Спрашивает деда внук, с ним оставшись наедине, и вопрос не просто звук, он как Божий гром в тишине:
– Это правда что ли, дед, что я слышу про советскую власть, что она все семьдесят лет извращённо сношала вас, не евреев одних, а всех, весь двухсотмиллионный народ? был какой-то такой генсек, хоть был сам и щербат, и урод, правил вами и был в сердцах тех, кто был им унижен и бит? Расскажи мне, дед, в двух словах вашу жизнь, ваши мысли, ваш быт.
*
Я смотрю на внука своего. О, как вымахал он уже!

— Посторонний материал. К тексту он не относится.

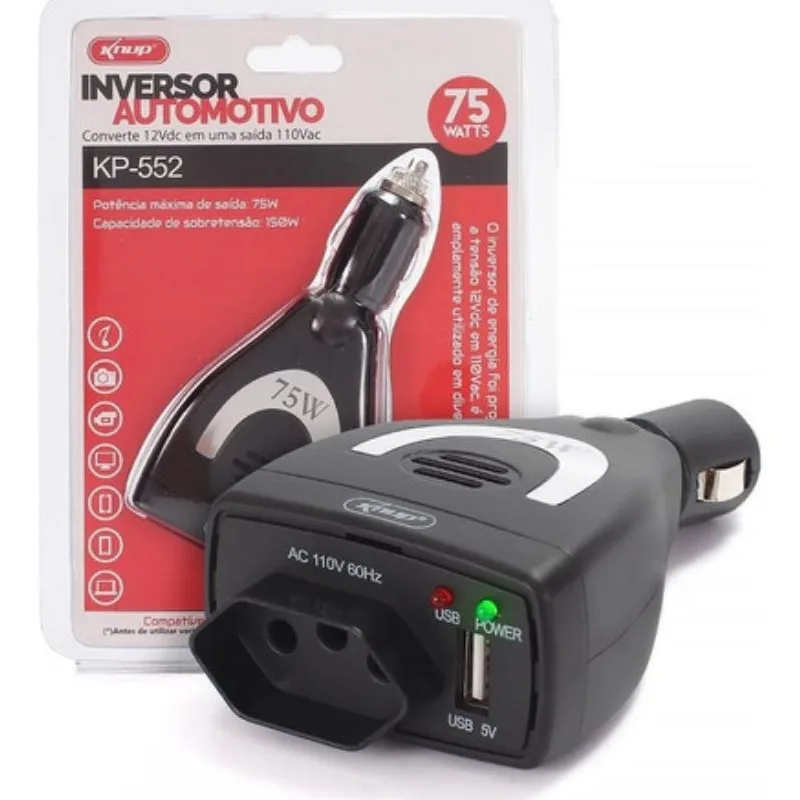 Inversor Conversor Carro 75w 12v P/110v Usb Kp-552 Knup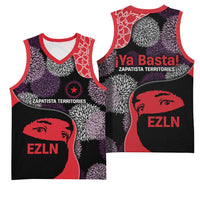 Zapatista Territories Basketball Jersey Mexico with EZLN Masked Face and Floral - Wonder Print Shop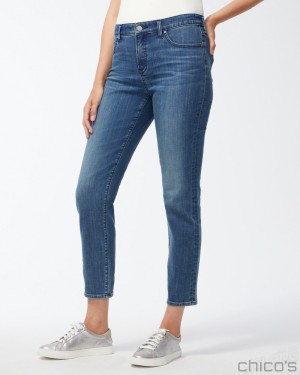 Chico's Girlfriend Ankle Jeans Jeans & Denim Venus Indigo | 579-PIZRJF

А не знает мальчик ничего и в незнании своём, как в неглиже.
*
"О, хороший мой, быстро так мне об этом не рассказать. Жизнь свою по дням пролистав, в пару слов её не увязать.
- Это, внучек есть всё в стихах, что тебе, для тебя написал. В них рассказ о прожитых годах.
– Я стихов твоих, дед, не читал.
– Ну, моих допускаю. Пусть! Хоть бы Галича мог полистать.
– Ты не дуйся за это, дедусь. Я совсем не люблю читать. В книжках много такой ерунды, от которой начнёшь линять.
– И тебе, и таким как ты это трудно, мой внук понять, что себя обобрали вы, не желая над книгой сопеть. Свойство есть у любой головы – от незнания только тупеть.
Вот спросил ты меня сейчас, непростой свой задал вопрос, – рад я, что до него ты дорос, но ведь нет у ушей глаз. И услышанное в двух словах не увидишь картиной большой. Что скопилось в наших умах! Что накоплено нашей душой!
Рассказать я хочу всё в стихах. Но у Галича это сильней. И о жертвах, и о палачах, Об абсурдности наших дней.
Я прошу, повзрослевший, мой внук, ты послушай его, почитай. Я уверен, что станешь ты вдруг обладателем множества тайн.
А потом и Высоцкий к тебе с Окуджавою вместе придут. И расскажут о нашей судьбе, и с собою других приведут, в чьих строках и надежда и боль поколений советских людей: Чичибабин, Жигулин, Бергольц – современники жизни моей. Маяковский, Светлов, Мандельштам и Ахматова, и Пастернак… Ты их только сперва полистай, полистай просто так.
Прикоснувшийся к ауре их, ты и сам зазвенишь струной. И из строчек умнейших книг ты получишь ответ любой.